Stesso dicasi se si allarga lo sguardo a tre anni dal conseguimento del titolo. In questo caso, lavora soltanto il 67,3% dei laureati magistrali in Psicologia, con retribuzioni medie mensili di 948 euro, contro un livello generale di occupazione in tutte le classi di laurea magistrali del 75,1%, e uno stipendio medio pari a 1.344 euro al mese.

Per i laureati in Psicologia e per coloro che, più giovani, intendano iscriversi a un corso di laurea in Psicologia, una scorsa alle possibilità occupazionali offerte dal titolo di studi, che non portano soltanto alla più classica professione di Psicologo, rappresenta allora un importante passaggio ai fini dell’orientamento.
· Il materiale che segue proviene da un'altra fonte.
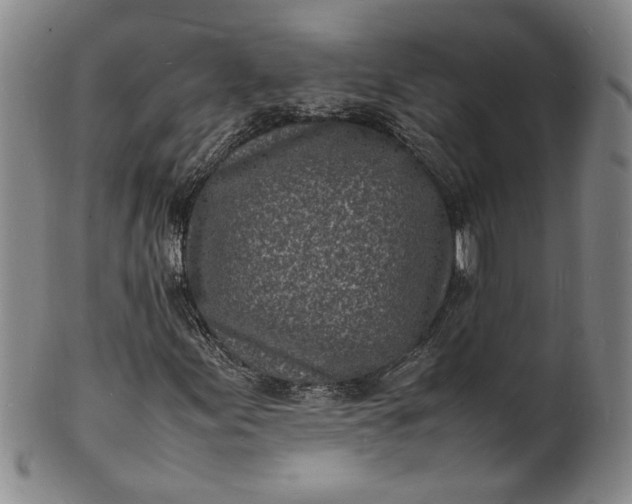 X0000100981155200807081237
Guardarsi attorno e cogliere tutte le opportunità concrete offerte dal mercato del lavoro, per quanto questo sia in affanno, è infatti il miglior modo per non lasciarsi trovare impreparati e trovare quanto prima la propria strada lavorativa.

Per i laureati in Psicologia, dunque, è bene sottolineare che le professioni a cui si può aspirare sono diverse, e insistono su settori del mondo del lavoro dissimili, come per esempio le Risorse umane, il Privato sociale, il Marketing, la Comunicazione o l’Istruzione. Tra le professioni cui può aspirare un laureato triennale o magistrale in Psicologia, infatti, ci sono profili come l’HR manager, il Rectuiter, l’Operatore in cooperative e associazioni del Terzo settore, l’Insegnante di sostegno l’Addetto al marketing e alla comunicazione e così a seguire. Elenco che si amplia ancora se al titolo di laurea si aggiunge un titolo di studi post laurea: grazie al diploma di specializzazione in Psicoterapia o in altra disciplina, per esempio, è possibile accedere ad altre strade professionali, soprattutto nel mondo pubblico (si pensi che i concorsi pubblici per assunzioni di Psicologi o Dirigenti psicologi è spesso richiesta la specializzazione tra i principali requisiti specifici).

Che allora si sia già conseguito un titolo di laurea in Psicologia, o che si sia in procinto di iscriversi a un corso di laurea nelle classi L-24 o LM-51, è importante sapere quali sono le condizioni del mercato del lavoro a cui si va incontro, e soprattutto è importante conoscere ed esplorare i principali sbocchi lavorativi che il titolo di studi concede ai laureati.